In the book, you detail doing that initial project on Tom Blake. What was your attraction to his story over other surf pioneers? Did you feel like there were elements of his story you could relate to personally?
One hundred percent. Actually a few teachers of mine who knew I was getting into surfing suggested I look at his story. As someone who got into surfing super late and isn’t the typical ethnicity of someone who surfs I always felt like an outsider. So, to read that one of the early pioneers of the sport was an outsider as well – who didn’t come from Hawaii, and didn’t come from the coast. Just someone who fell in love with the sport, that really resonated with me. And his nomadic lifestyle, too. He was kind of a loner and I felt that way once Kristen passed away. He accomplished a lot in his life and it’s something that I aspire to do, too.
Focusing on the title of the book, In Waves, what is the significance of that idea to you and what do you hope the reader gets from it?

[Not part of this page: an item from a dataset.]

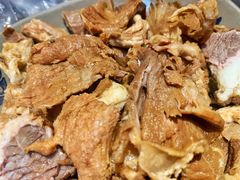 坨坨牛肉-渝大狮毛肚老火锅(普陀店)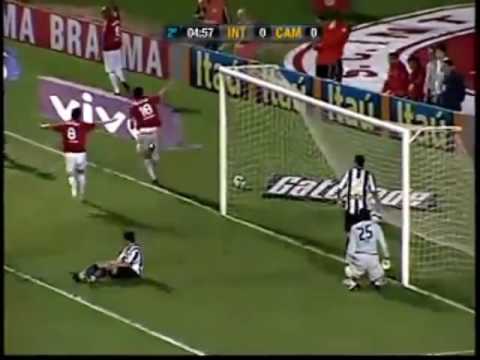 INTER 3 x 0 ATLÉTICO-MG - 02/09/2009 - BRASILEIRÃO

It’s not too layered. The title implies a double meaning: literally in the book you’re submerged in the waves that I’m drawing and you’re experiencing what it’s like to be a surfer. But, it’s more about the grief aspect in my mind. It just so happened that it worked in both ways.
In dealing with grief everybody has a different take on it, but for me, it was something I couldn’t really put my finger on. It would be overwhelming at times. Other times it would be underwhelming or non-present. So, I think the title really encapsulates that feeling.
What I’ve learned is you can’t go through life alone and that we need each other.
In another interview, someone mentioned that the title also implies the story is being told in waves where you’re getting highs and lows of my relationship and then you’re getting breaks when you’re reading about surf history. So, it ebbs and flows between two different narratives. And I thought that was well put.
Talking more about the visuals of the book, can you tell me about the inspiration behind the color palettes that distinguish the two narratives – where turquoise/blue denotes the personal story and the sepia chapters are the ones that walk the reader through moments in surf history?
Yeah, each color delineates where the reader is. It’s an easy touchstone for someone to know where they are in the story. But, the colors themselves, the sepia orange was inspired by old framed photographs. It’s a color that’s synonymous with old cinema or old newsreels. Things that we connect with nostalgia and old film.
And the blue was because of how I was feeling. It’s kind of a corny answer but I was feeling quite blue during the whole endeavor of writing the book. But the two colors are complementary as well.
What I love about the book is that surfing is an entry-point to talking openly about grief. It’s not a cure-all necessarily, but a vehicle to ease trauma and also to honor the legacy of your late girlfriend.
Thanks, man. Yeah, it’s whatever you’re into. Whether it’s art or movies, skateboarding or anything it’s kind of a distraction. Not even the act itself but everything around it. I mean there are obvious health benefits to surfing, skateboarding, or any other sport. But, in the periphery of the activity, there can also be healing. It’s the community you’re building or the friendships that you’re making with other people. What I’ve learned is you can’t go through life alone and that we need each other. That’s one thing in this book that’s glaringly important is the relationships we make and how they can affect us and change us. For some people, surfing can be an end all be all thing where they just enter the ocean and it cures them. But, for a lot of others, it’s everything around it. You could be talking to a friend and they just relate to you on that level. Not that it’s not important, but it becomes a backdrop for something where real healing can happen.